Gaia: Geo-Distributed Machine Learning Approaching LAN Speeds

  • ,
  • Aaron Harlap ,
  • Nandita Vijaykumar ,
  • Dimitris Konomis ,
  • Gregory R. Ganger ,
  • Phillip B. Gibbons ,
  • Onur Mutlu

Symposium on Networked Systems Design and Implementation (NSDI) |

Presentation (ppt) | Related File

Machine learning (ML) is widely used to derive useful information from large-scale data (such as user activities, pictures, and videos) generated at increasingly rapid rates, all over the world. Unfortunately, it is infeasible to move all this globally-generated data to a centralized data center before running an ML algorithm over it—moving large amounts of raw data over wide-area networks (WANs) can be extremely slow, and is also subject to the constraints of privacy and data sovereignty laws. This motivates the need for a geo-distributed ML system spanning multiple data centers. Unfortunately, communicating over WANs can significantly degrade ML system performance (by as much as 53.7X in our study) because the communication overwhelms the limited WAN bandwidth.

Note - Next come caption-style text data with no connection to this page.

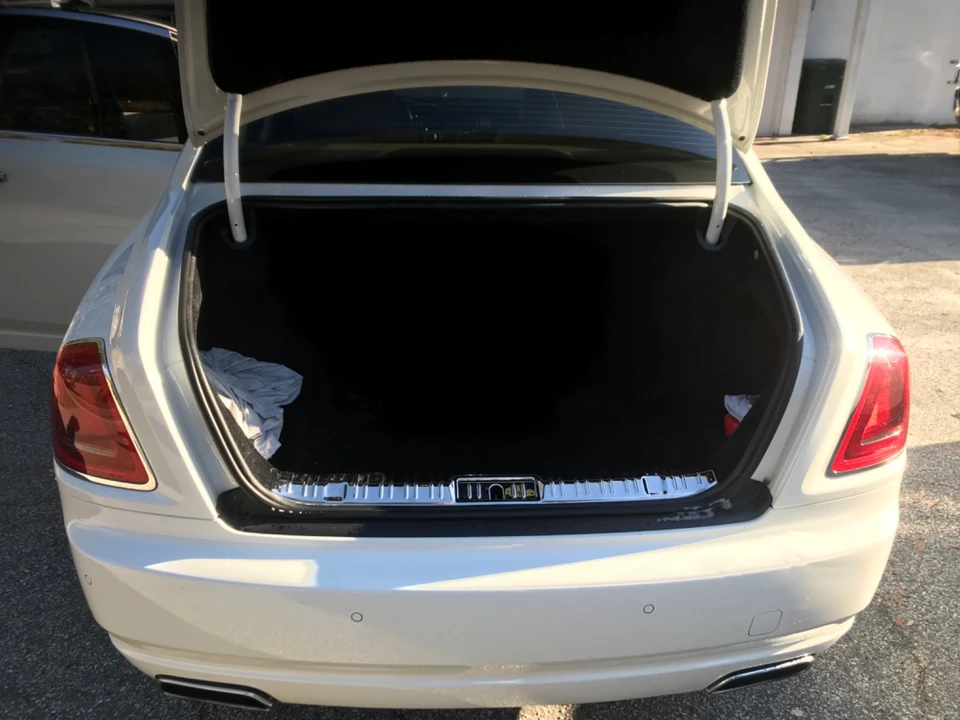 2012 Rolls-Royce Ghost 1st Gen - Image 5 of 28
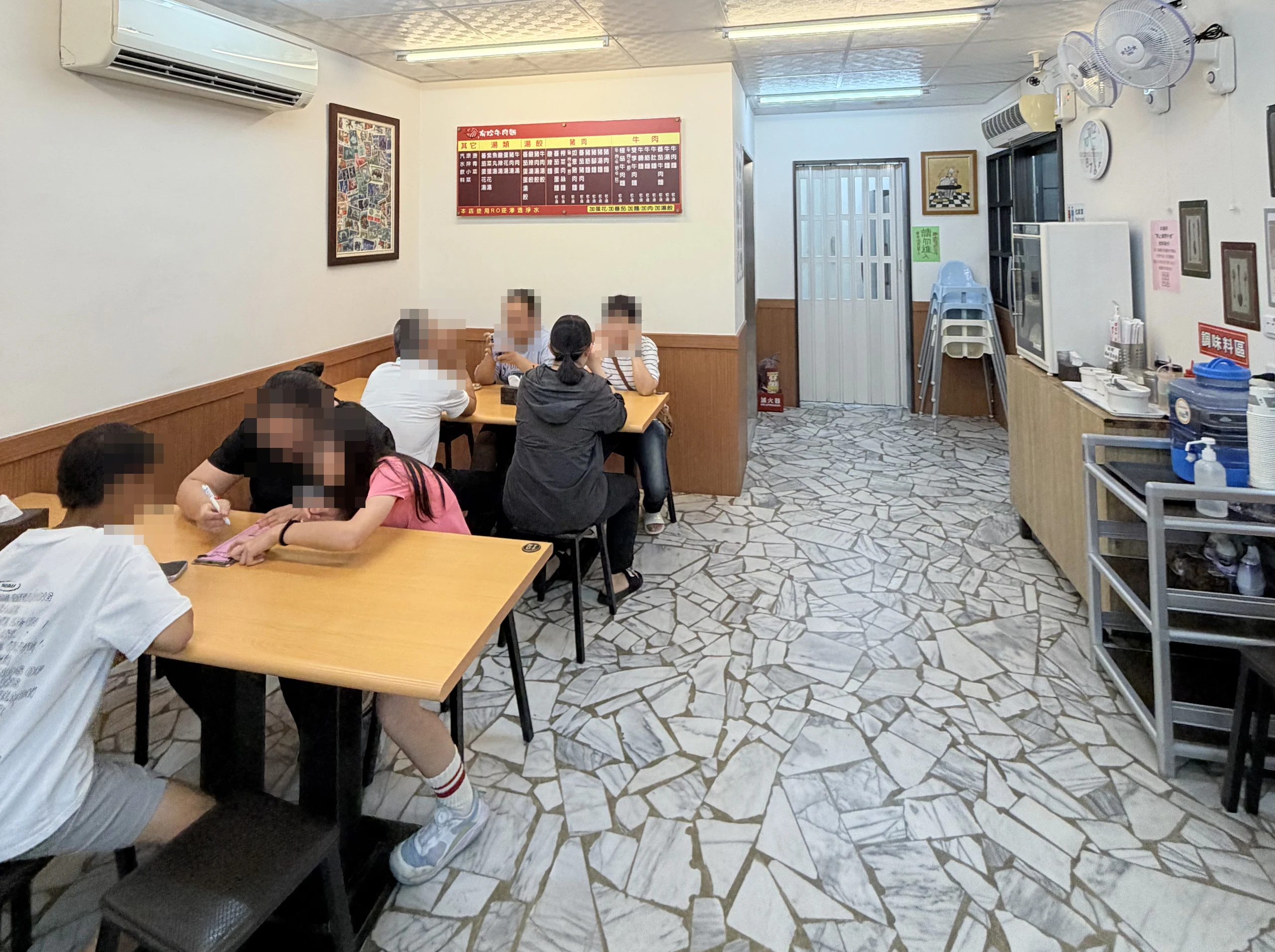 山西有珍牛肉麵 二樓用餐區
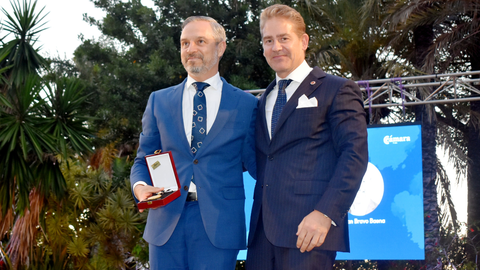 Entrega de la Medalla de Oro de la C&aacute;mara de Comercio a Juan Bravo / Laura Ortiz
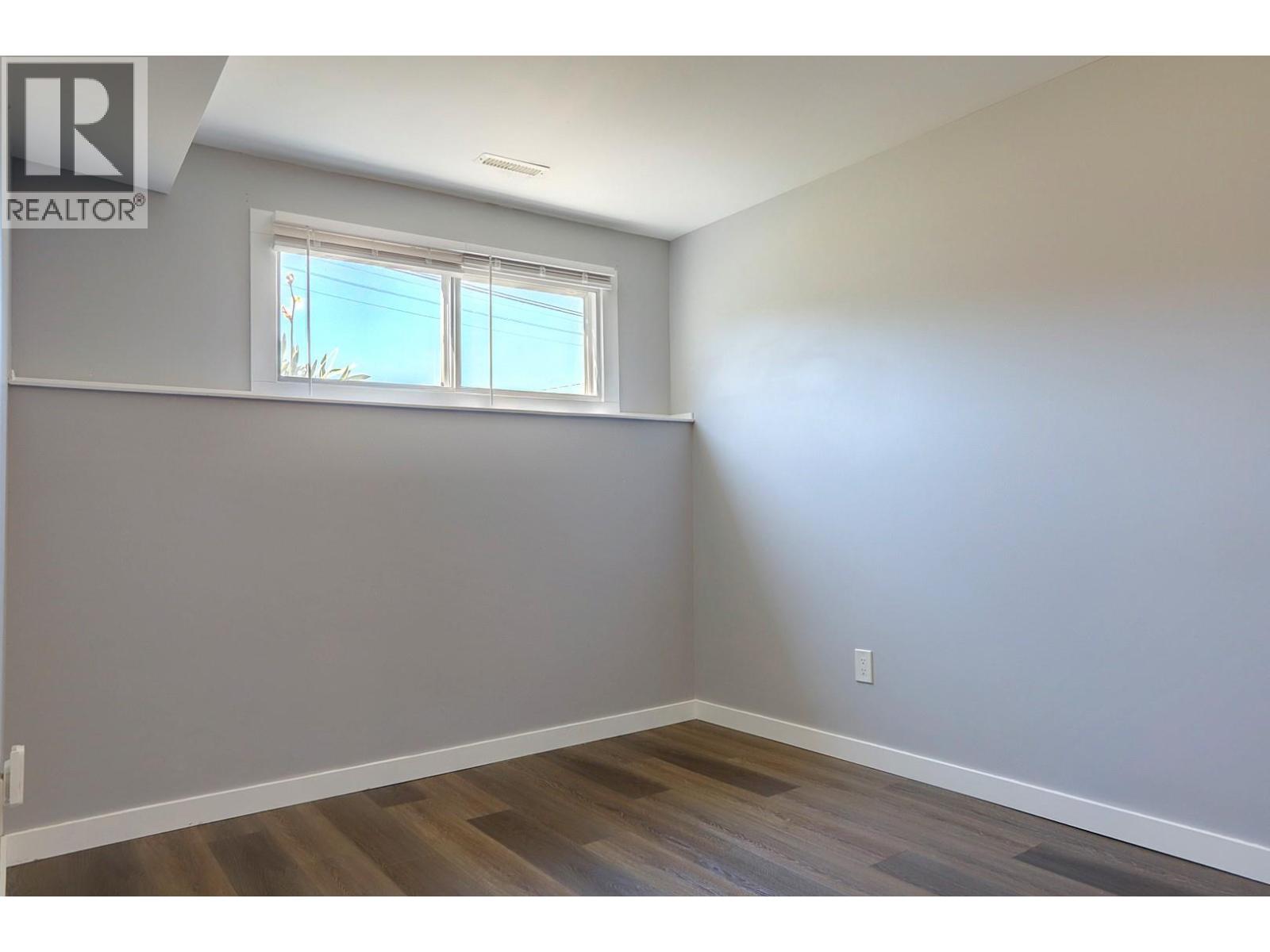 4109 24 Avenue - 35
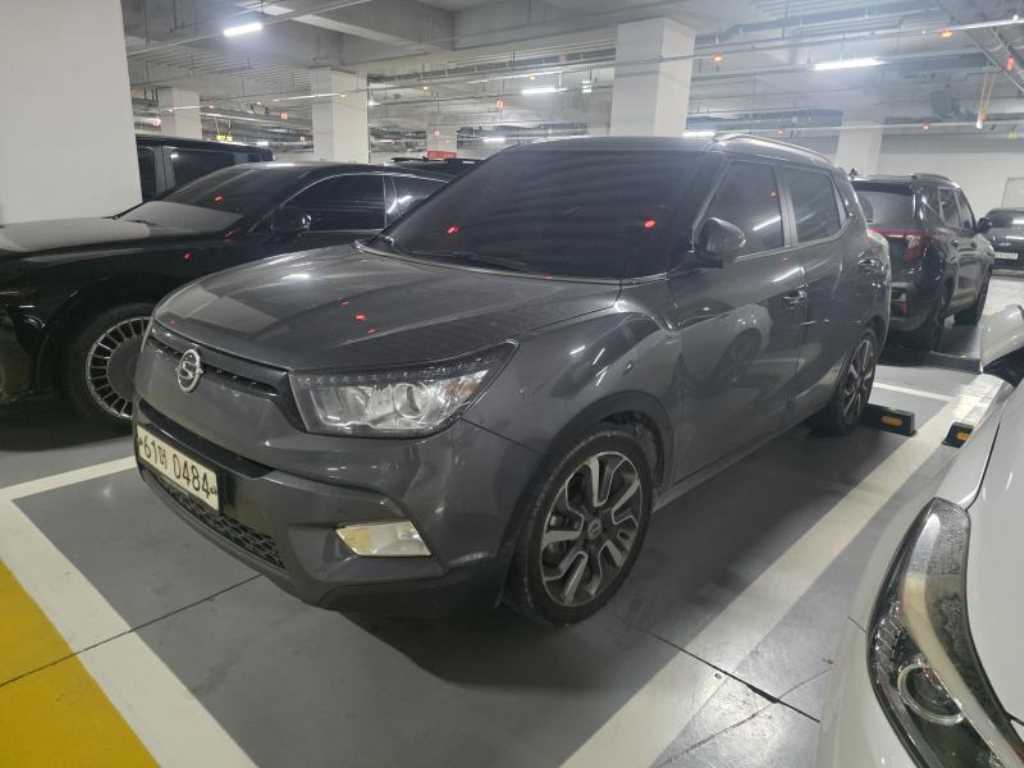 Ssangyong Tivoli - Vista 2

Our goal in this work is to develop a geo-distributed ML system that (1) employs an intelligent communication mechanism over WANs to efficiently utilize the scarce WAN bandwidth, while retaining the accuracy and correctness guarantees of an ML algorithm; and (2) is generic and flexible enough to run a wide range of ML algorithms, without requiring any changes to the algorithms.

To this end, we introduce a new, general geo-distributed ML system, Gaia, that decouples the communication within a data center from the communication between data centers, enabling different communication and consistency models for each. We present a new ML synchronization model, Approximate Synchronous Parallel (ASP), whose key idea is to dynamically eliminate insignificant communication between data centers while still guaranteeing the correctness of ML algorithms. Our experiments on our prototypes of Gaia running across 11 Amazon EC2 global regions and on a cluster that emulates EC2 WAN bandwidth show that Gaia provides 1.8–53.5X speedup over two state-of-the-art distributed ML systems, and is within 0.94–1.40X of the speed of running the same ML algorithm on machines on a local area network (LAN).